Philosophers from John Donne to Martin Luther King have covered the inverse, the idea that pain does not necessarily lead to gain. “No man is an island… Each man’s death diminishes me, for I am involved in mankind.” “Justice denied anywhere diminishes justice everywhere.” The zero sum calculus that reducing inequality must be somehow fiddling the figures is incompatible with a robust view of history. Protecting people from the capricious violence of the natural world enables them to more fully realise their potential which benefits us all socially and morally, and in large part economically too.

The “cruel policies are inherently credible” narrative is all the more pernicious because it is often unspoken and thus unchallenged. Even the left lacks confidence, constantly allowing itself to be baited into the fiscal credibility trap which implicitly concedes this frame.

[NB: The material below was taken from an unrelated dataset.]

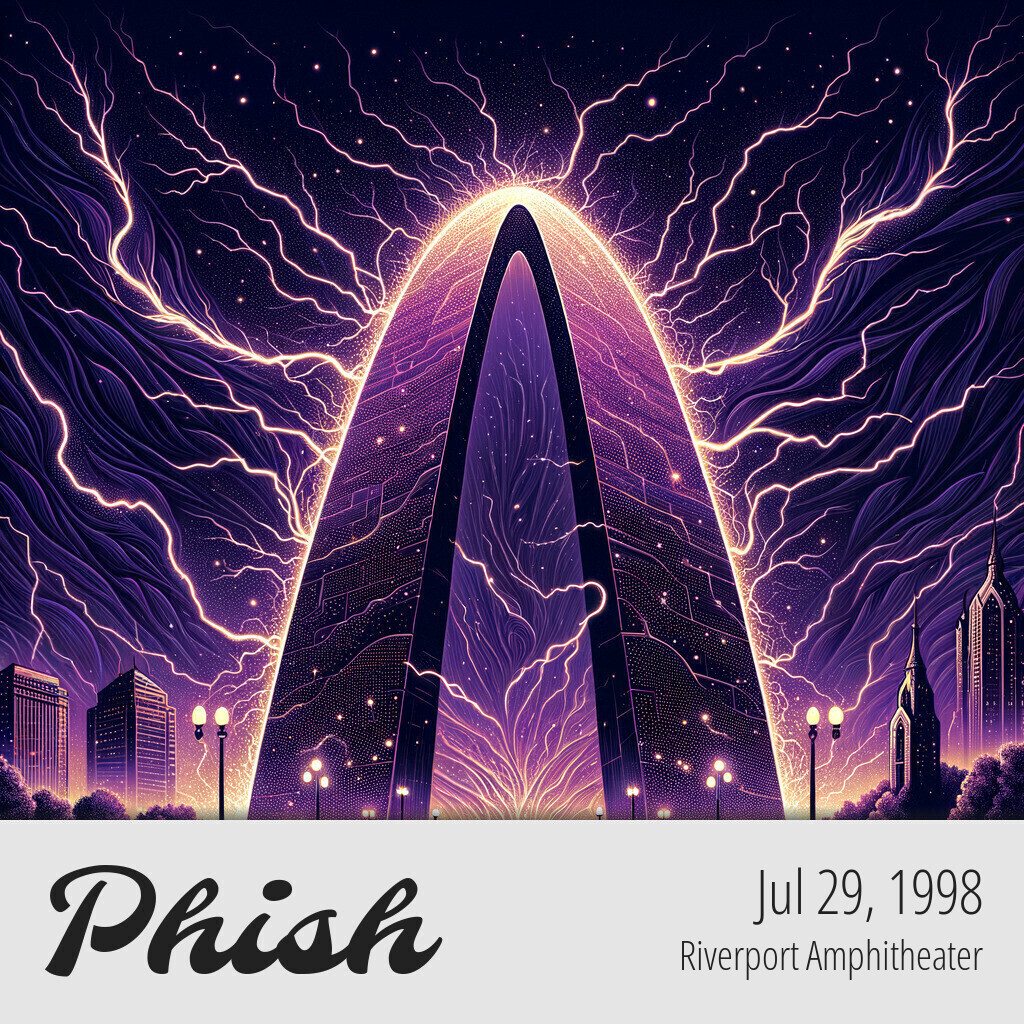 Wed, July 29, 1998 album cover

The left must rediscover its confidence in this, arguing firmly against the idea that “fiscal credibility” can be narrowly defined as raising taxes to match spending, and that policies which benefit marginalised and disadvantaged people are wasteful luxuries that we have to discard to get through economic downturns. Good students answer the paper, but great students question it. The left can’t ever win by conceding the fallacious premises of the right, it must be prepared to tell Andrew Marr that he’s full of shit.

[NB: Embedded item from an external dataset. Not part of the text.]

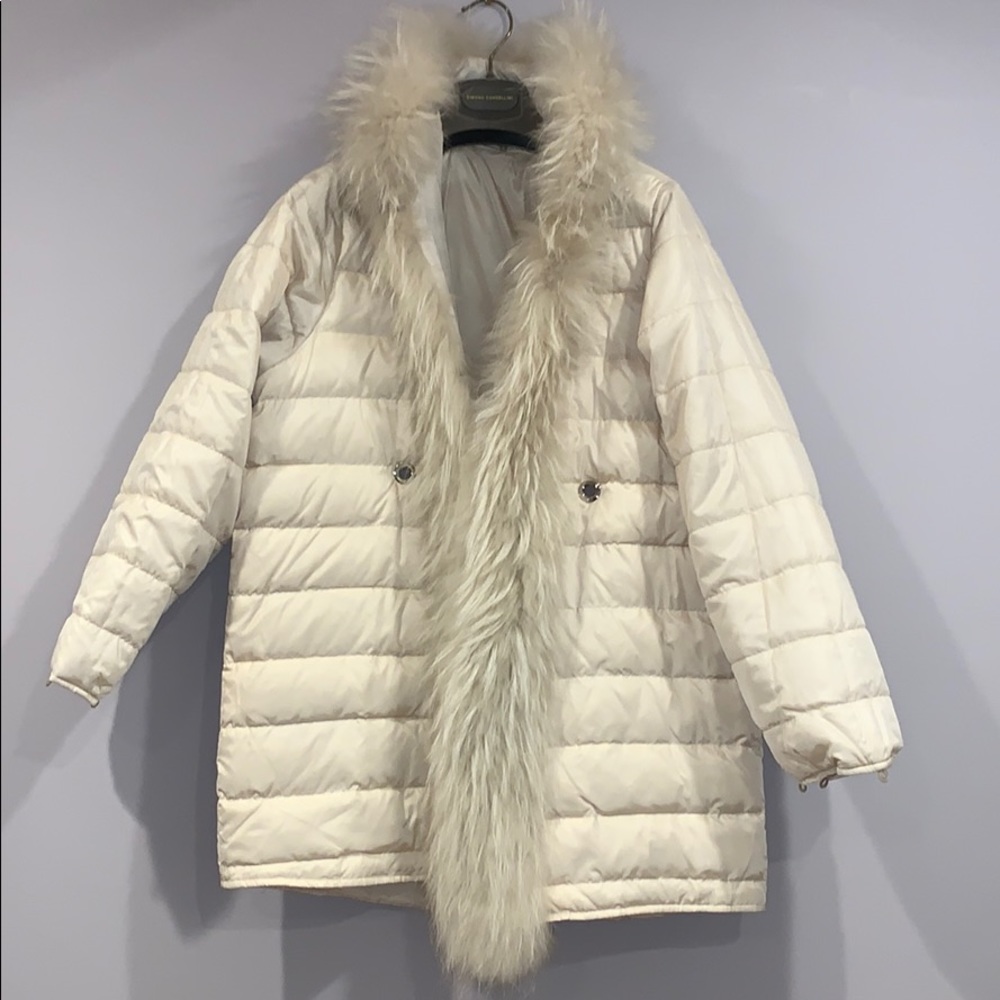 Hôtel Particulier Two Piece Coat - Picture 5 of 6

The “hard questions” media also has a responsibility here, though, to not be completely full of shit in the first place. It’s no excuse for us to merely go along with the frames that the sitting government wants us to accept, or to claim that we can’t do anything about our own inherent biases. Nor is “everyone else is doing it” a good excuse. The press’s duty to hold power to account must be underpinned with the capacity to challenge ourselves and make sure that we’re not simply stenographers for fallacious thinking that fits within easy narratives.

It is difficult to push against the grain. Anyone with a grain of self awareness will look at a consensus that doesn’t make sense and think “am I wrong? Am I a crank?” There are lessons from the last crash here, though. “Nobody” — quote unquote — saw the housing crisis coming. Allegedly. Actually quite a lot of people saw it coming. Herd mentality and groupthink pushed them to the side. “Are you saying that the entire US banking system is dead wrong and you’re the only right one?” The thing is, the entire banking system didn’t actually believe that its web of derivatives was financially sound. It didn’t need to be. What it believed, and what turned out to be true, was that when it turned out to be unsound they could walk into a room with the Treasury Secretary, point a gun at their own heads and say “bail us out or the economy gets it.”

Simon Wren-Lewis calls the media inability to push against the grain of received wisdom on deficits and “fiscal credibility” mediamacro — a set of shared delusions that persist within the bubble of the media despite attempts by economists to get rid of them. It is well documented enough that journalists who take even a passing interest in the economy should have no excuse for continuing their self-delusions on this score. Journalists ostensibly on the left have even less excuse, as we should always be looking for ways to challenge the austerity fetishists in government, not simply conceding their economic arguments and accepting the narrative that the left wing’s promises of social justice sound nice but “don’t work in practice.” What doesn’t work in practice is the right wing garbage economics of cutting your way out of recessions, the same thing that we have inexplicably been calling “credibility” for ten years.

The Tories are not “credible” or “competent.” Not on Brexit, not on the economy. The arguments are there to support this position. It is only our inability to let go of cherished easy narratives which stop us from seeing it.